Entries provided section start

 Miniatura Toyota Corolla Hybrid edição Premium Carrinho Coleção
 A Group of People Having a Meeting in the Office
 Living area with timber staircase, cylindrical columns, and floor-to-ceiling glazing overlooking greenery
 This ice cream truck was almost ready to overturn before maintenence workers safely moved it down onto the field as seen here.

Entries provided section end
Entries provided section start

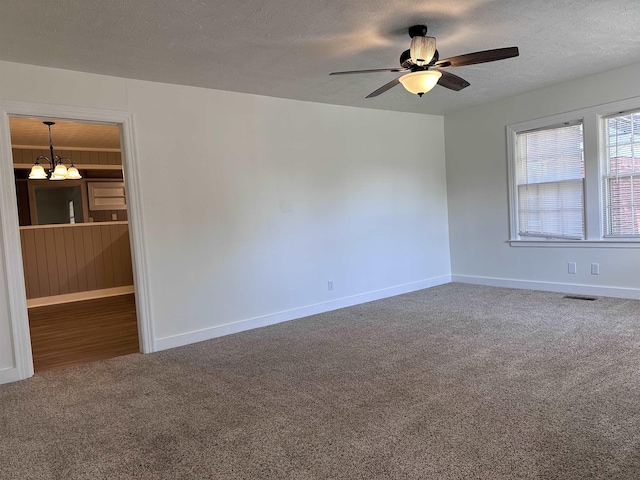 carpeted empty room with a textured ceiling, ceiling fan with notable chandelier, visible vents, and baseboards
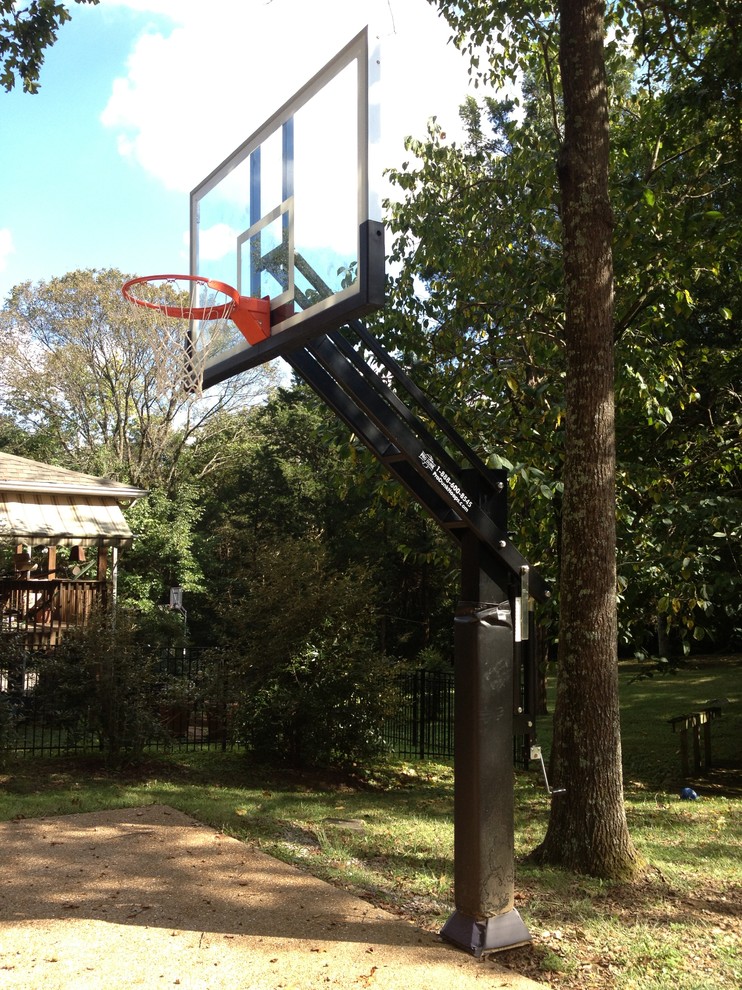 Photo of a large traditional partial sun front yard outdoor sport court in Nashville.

Entries provided section end

The task: Only the lines above from the line containing "A Group of People" through the line containing "This ice cream" should be retyped, exactly and with both ends included.

Final answer:
 A Group of People Having a Meeting in the Office
 Living area with timber staircase, cylindrical columns, and floor-to-ceiling glazing overlooking greenery
 This ice cream truck was almost ready to overturn before maintenence workers safely moved it down onto the field as seen here.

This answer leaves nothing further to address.